* _Exercise input_
· · · · ·

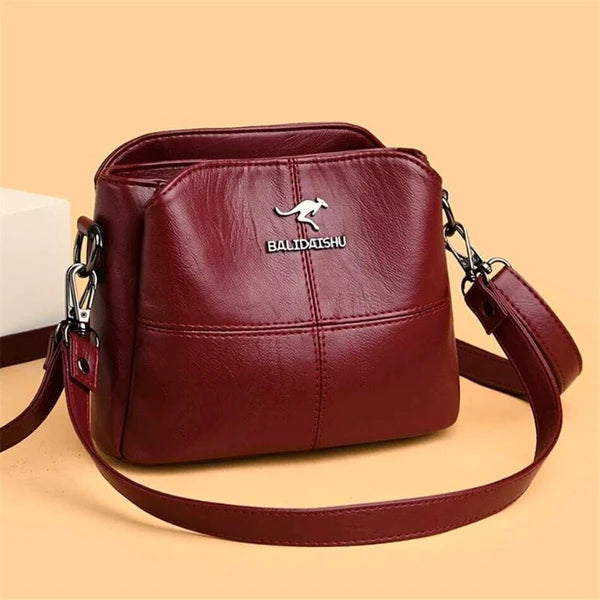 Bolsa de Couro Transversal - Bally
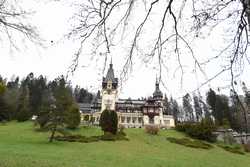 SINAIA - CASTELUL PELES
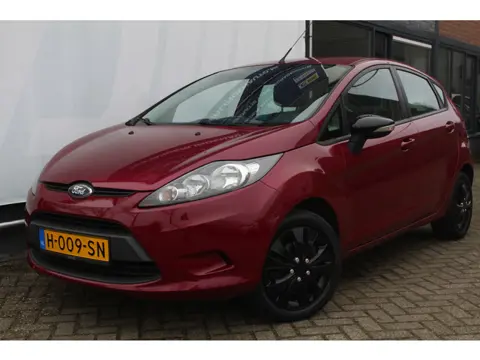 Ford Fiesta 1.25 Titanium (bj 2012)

· · · · ·

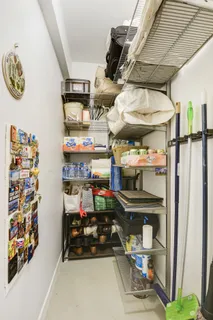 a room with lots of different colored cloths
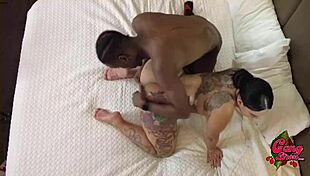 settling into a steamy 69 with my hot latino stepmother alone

· · · · ·

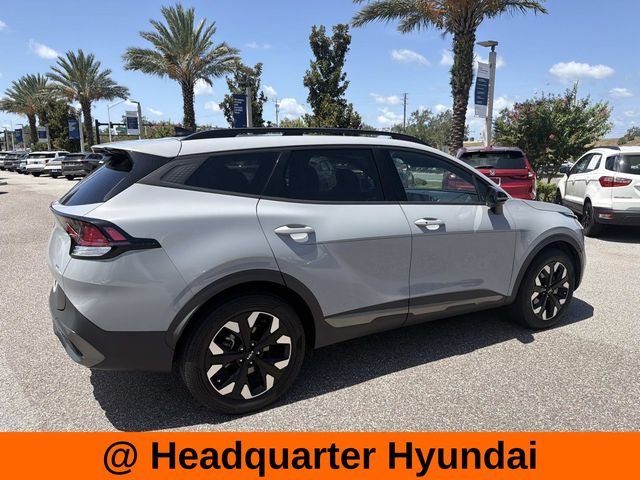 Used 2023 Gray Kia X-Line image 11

· · · · ·

From the material above, reproduce only what runs from the line holding "Bolsa de Couro Transversal - Bally" down to the line holding "Ford Fiesta 1.25 Titanium (bj 2012)", both included, pictures excluded.

* _Expected output_
 Bolsa de Couro Transversal - Bally
 SINAIA - CASTELUL PELES
 Ford Fiesta 1.25 Titanium (bj 2012)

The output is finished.